I have suffered the atrocity of
sunsets.
«Elm», SYLVIA PLATH

 

El amor se concibe, tanto en las investigaciones filosóficas como en las expresiones artísticas, como el alimento primitivo del alma, el eje pasional de nuestras vidas. Sin embargo, estas reflexiones discurren en ideales ontológicos y abstractos. Poco solemos examinar la puesta en práctica del amor, los modos en que debemos ejercerlo para que funcione bien.

Sin ánimos de elaborar aquí una guía para amar, este texto busca, por el contrario, reflexionar sobre el modelo de relación que es el amor romántico y cómo lo reproducimos; busca, igualmente, incitar al lector a romper con los vicios de este modelo o a romper el modelo entero.

Para pensar sobre esta expresión específica, reconozcamos que el amor no sólo se circunscribe a lo romántico. El amor, en abstracto, no se concentra en un objeto de afecto ni se limita en cantidad. Antes del amor romántico, está el amor sin adjetivos. El amor que, según El Banquete de Platón, es la motivación o el impulso para contemplar la belleza; el conocimiento apasionado, puro y desinteresado de la esencia de la belleza; se aman, entonces, las formas o ideas eternas, inteligibles y perfectas. Si partimos del amor platónico, podemos hablar de amor romántico cuando nos referimos específicamente a las dinámicas de una relación sentimental, generalmente sexual, que se circunscriben, por lo general, a un modelo normativo asumido y reproducido por generaciones.

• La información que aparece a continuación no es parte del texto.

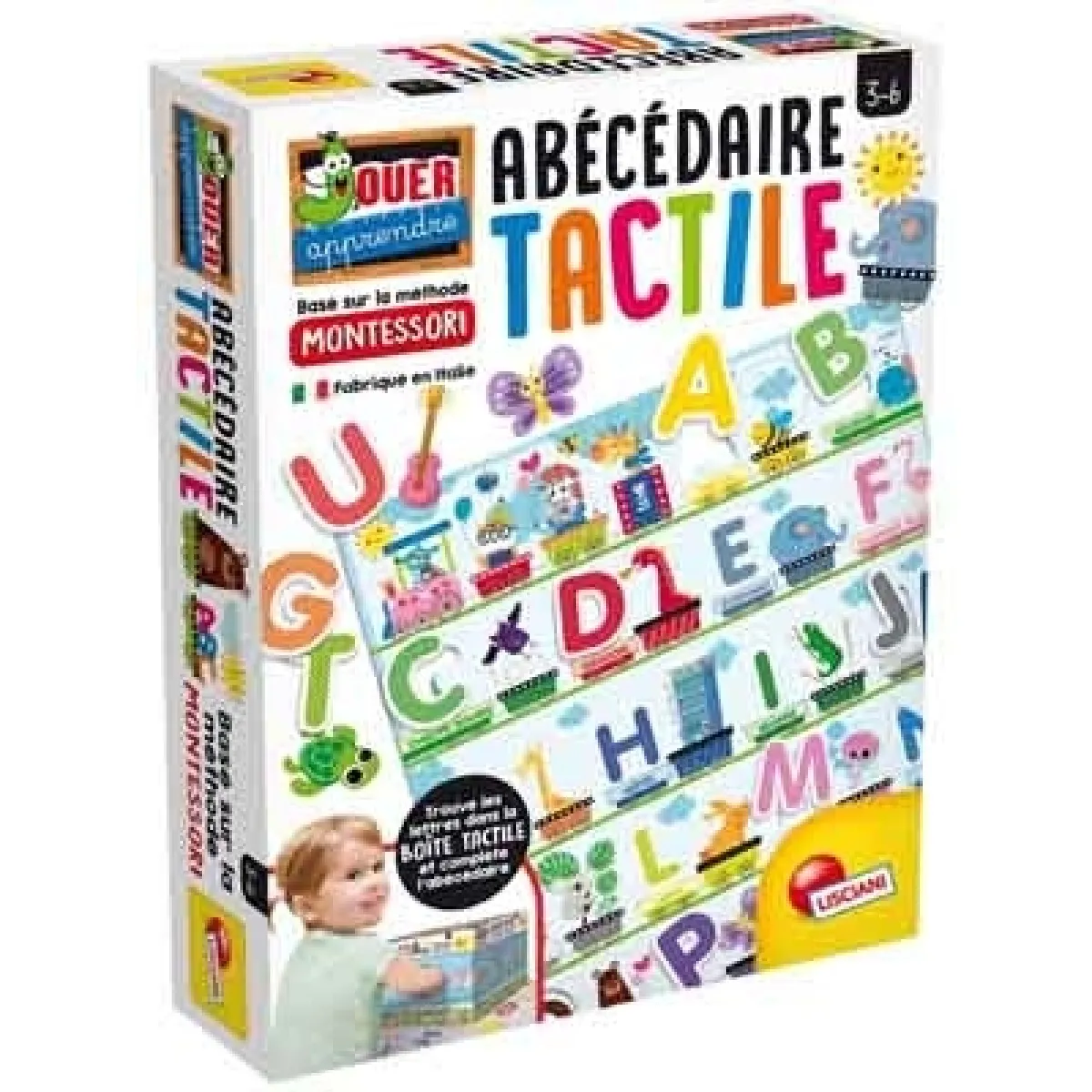 Lisciani Giochi Lisciani Montessori Plus Abécédaire
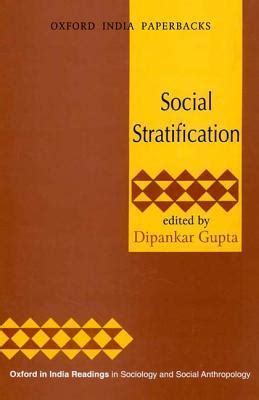 social stratification dipankar gupta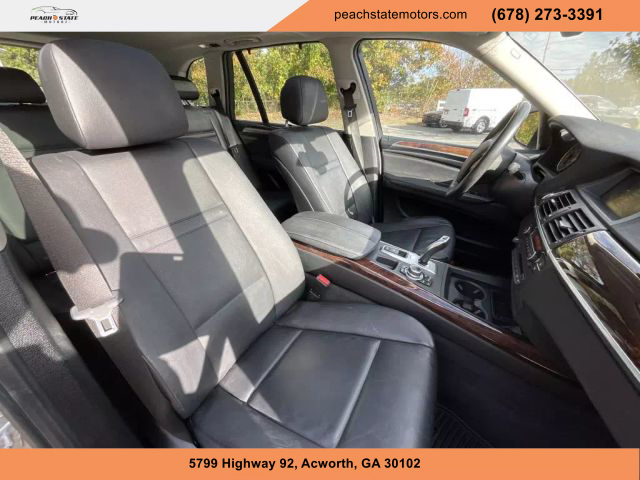 2013 BMW X5 SUV SILVER AUTOMATIC - Peach State Motors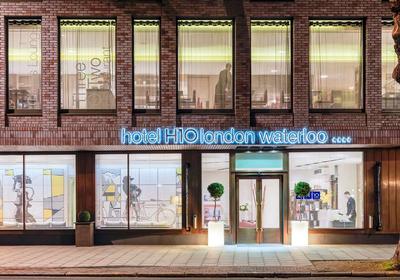 HLW Hotel s entrance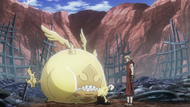 Allen restrained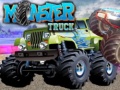 Permainan Monster truck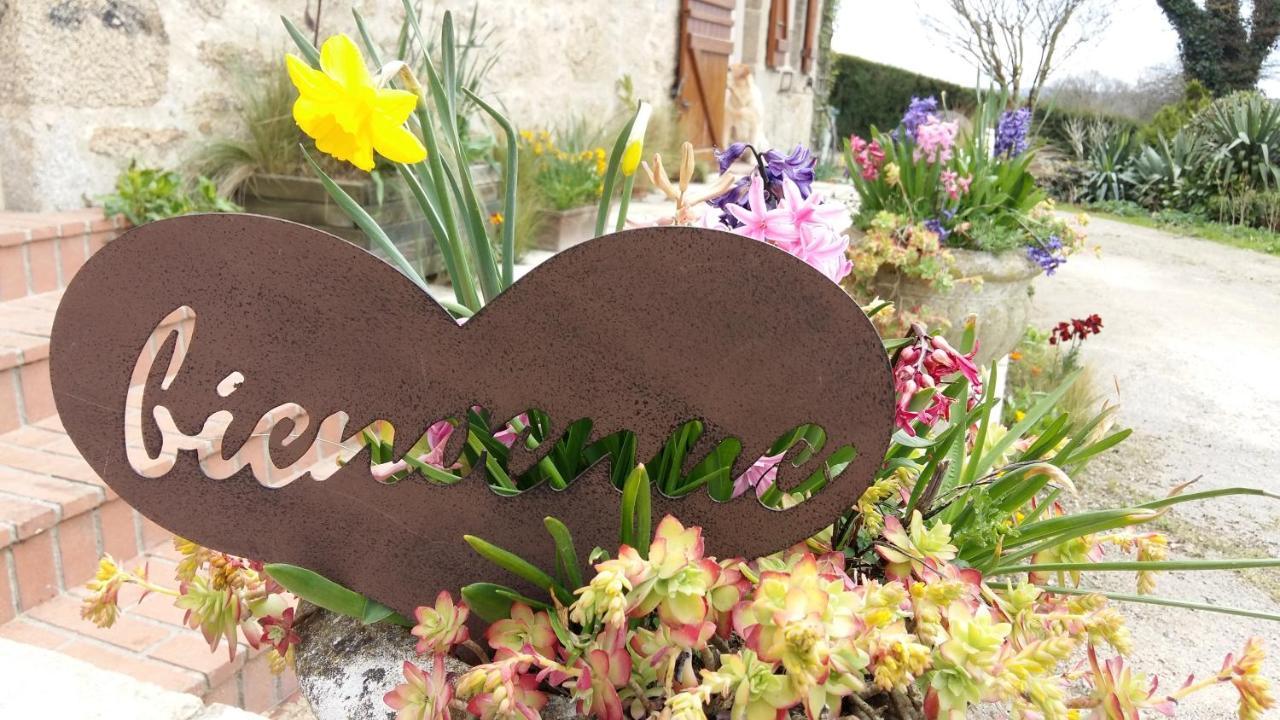 Au Coeur De La Nature Saint-Malo-du-Bois Ngoại thất bức ảnh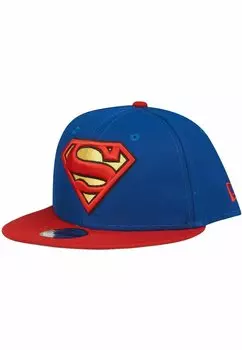 Бейсболка 9FIFTY SUPERMAN New Era, цвет royal
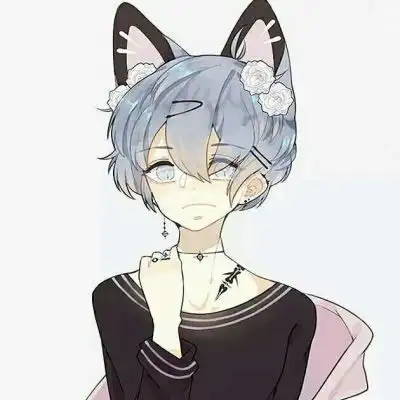 男男基友情侣头像gay同性恋卡通头像一对
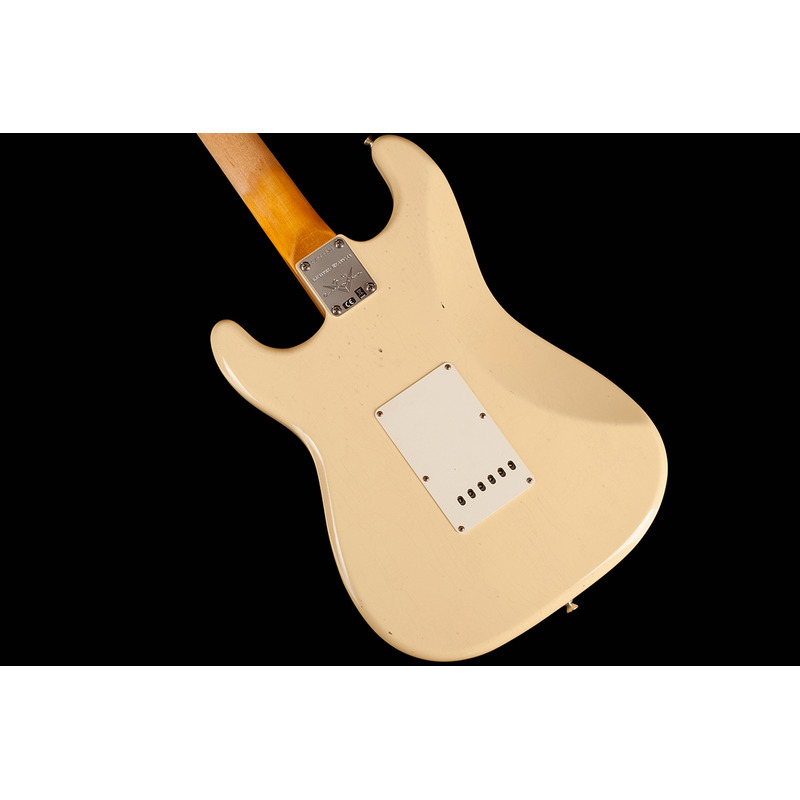 Электрогитара FENDER CUSTOM SHOP LIMITED EDITION '67 STRATOCASTER HSS JOURNEYMAN RELIC AGED VINTAGE WHITE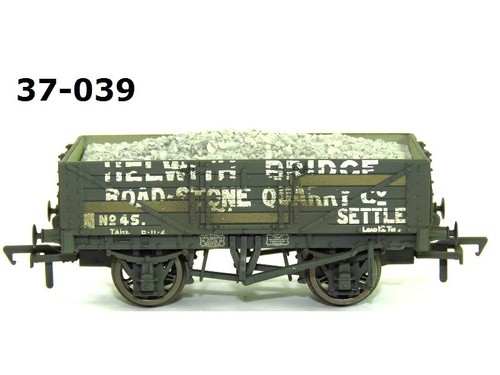 Bachmann 039 plank wagon - bachmann, 5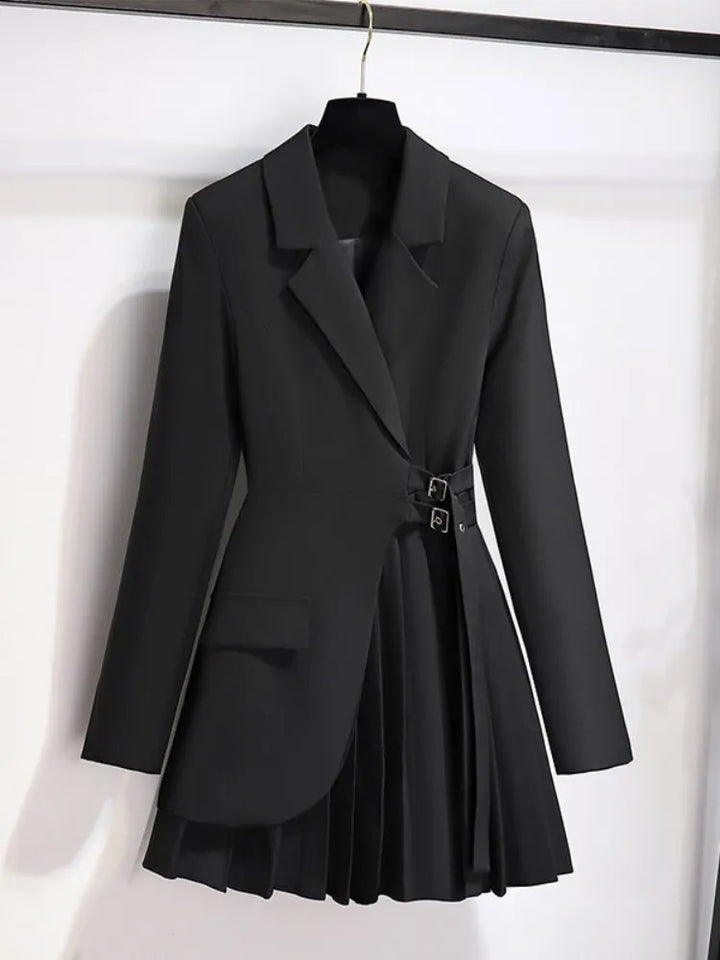 Marie - Blazer mit Bundfaltenhose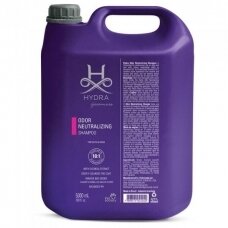 "Hydra Groomers Odor Neutralising Shampoo Gallon", 5000 ml, skirtas profesionalams, šampūnas neutralizuojantis nemalonų kvapą
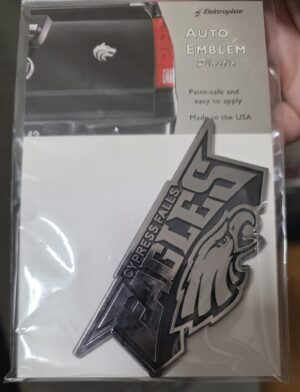 Cypress Falls Eagles Auto Emblem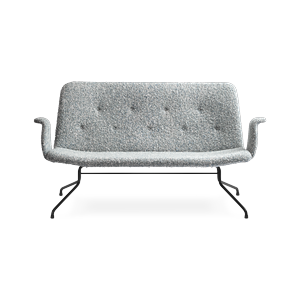 Bent Hansen Primum Sohva Musta/Fluffy 50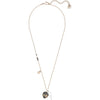 SWAROVSKI Duo Skull Necklace - Multi-colored & Mixed Plating #5396880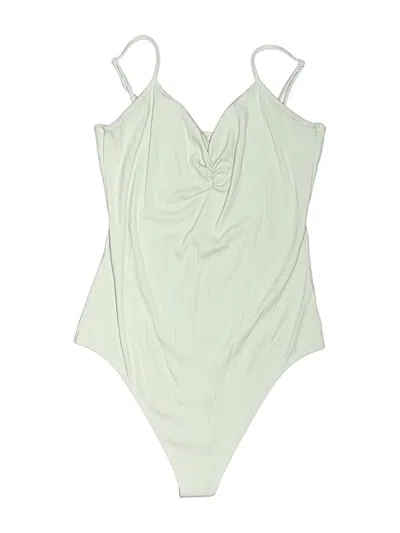 Pre-owned American Eagle Outfitters Bodysuit In Green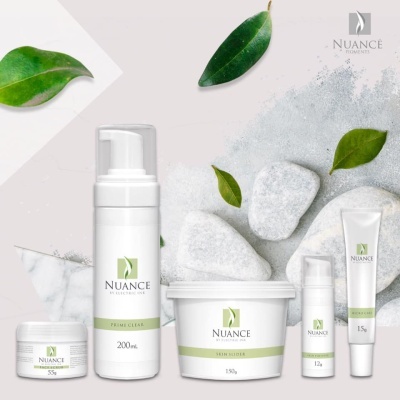 Nuance Skin Finisher - Finalizante Protege e Hidrata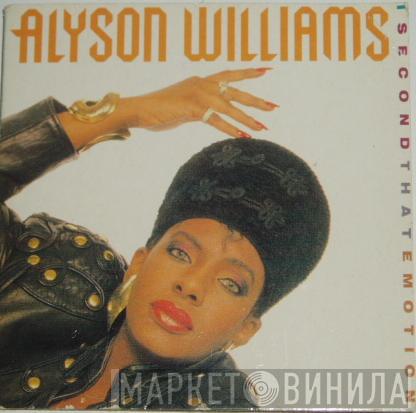 Feat. Alyson Williams  Chuck Stanley  - I Second That Emotion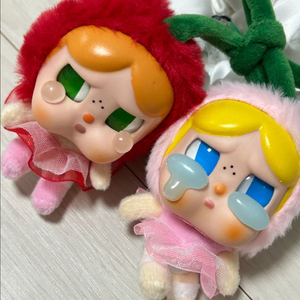 체리 크라잉 인형 키링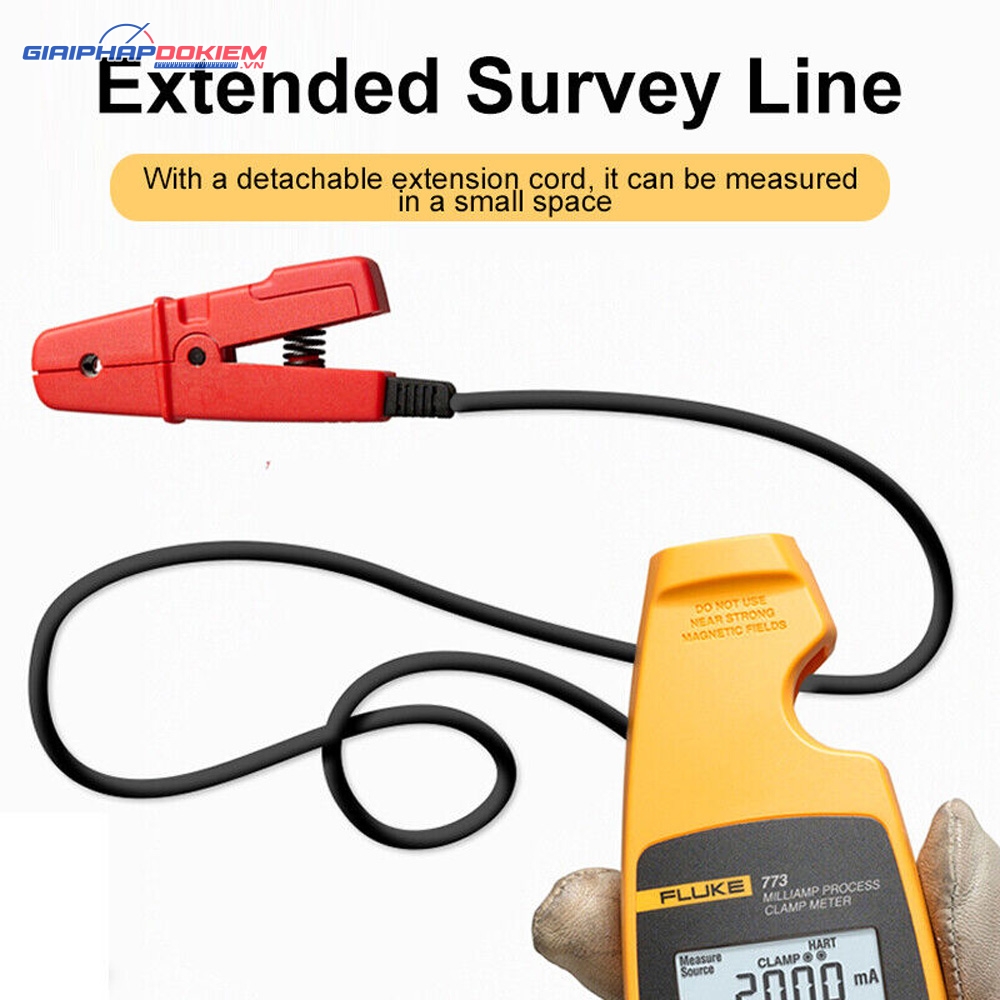 Ampe kìm FLUKE 773 (100mA) 30 Ampe kìm FLUKE 773 (100mA) - Ảnh 13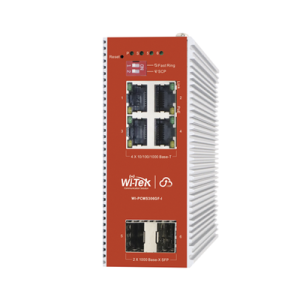 switch l2+ poe industrial / administración cloud web cli / 4 puertos poe af/at 100/1000 mbps / 2 puertos sfp gigabit / presupuesto poe 120 w / protocolo ersp (redundancia enlaces)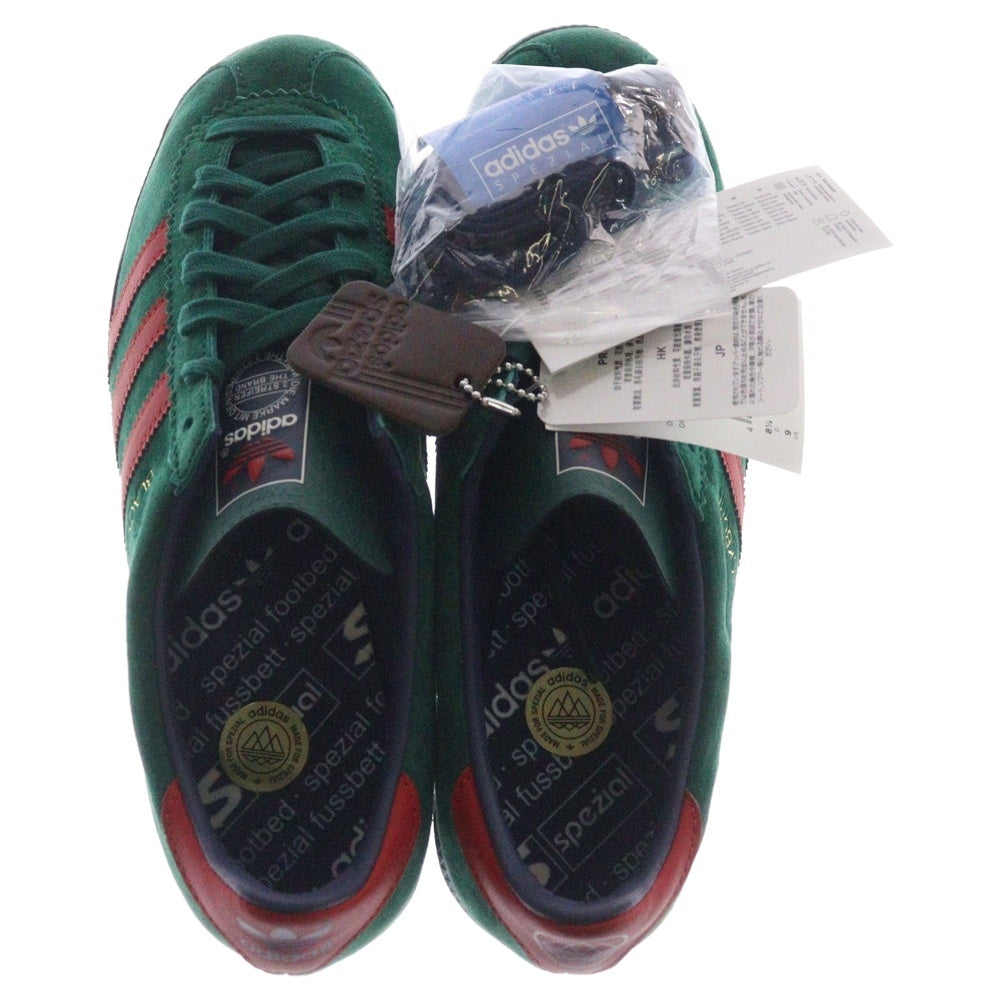 adidas(アディダス) BLACKBURN SPZL Collegiate Green ブラックバーン スペツィアル カレッジエイトグリーン ローカットスニーカー グリーン US9/27cm EF1158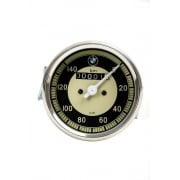 BMW SMITHS Replica 0-140 KPH Speedometer Black & Cream Face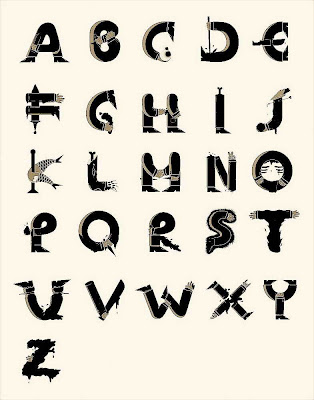 Unique Alphabet Lettering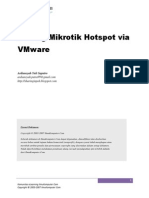 Setting Mikrotik Hotspot via VMware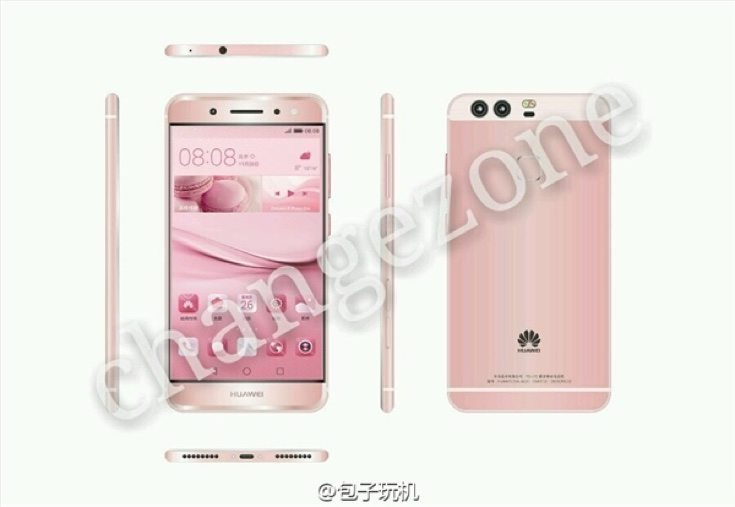 Huawei P9 claimed press renders b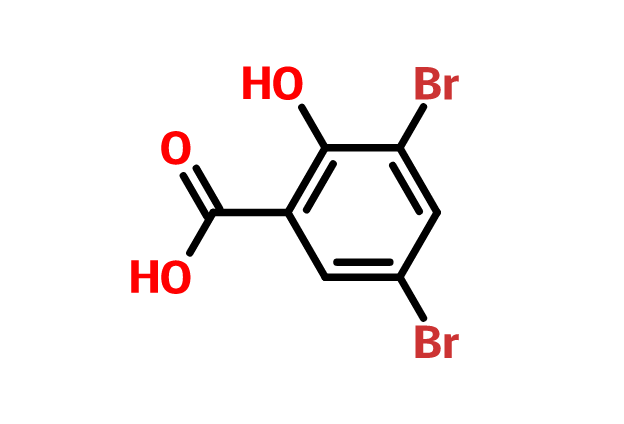 3,5-二溴-2-羥基苯甲酸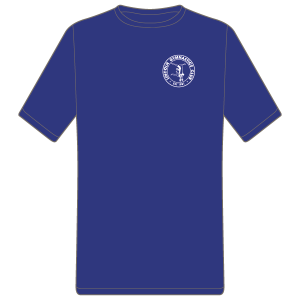 Lincoln Gymnastics Club Kids T-Shirt Age 1-3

El modelo integra una serie de reacciones orgánicas. Lo que más tarde, tal vez, llamaremos amor es el resultado de un proceso neuroquímico que empieza con la atracción y que se convierte en infatuación, un patrón psicobiológico similar a la obsesión. En la década de los ochenta, el psiquiatra Michael Liebowitz asoció el regocijo de la atracción con la feniletilamina, que está químicamente vinculada con las anfetaminas y con la acción de neurotransmisores como la serotonina, la dopamina y la norepinefrina en el sistema límbico. Y asoció la etapa del apego y las sensaciones de tranquilidad y paz con la producción aumentada de endorfinas, neurotransmisores químicamente relacionados con la morfina. Al desapego, en cambio, lo han relacionado con la desensibilización de los receptores de endorfinas, oxitocina y vasopresina, u otros neurotransmisores.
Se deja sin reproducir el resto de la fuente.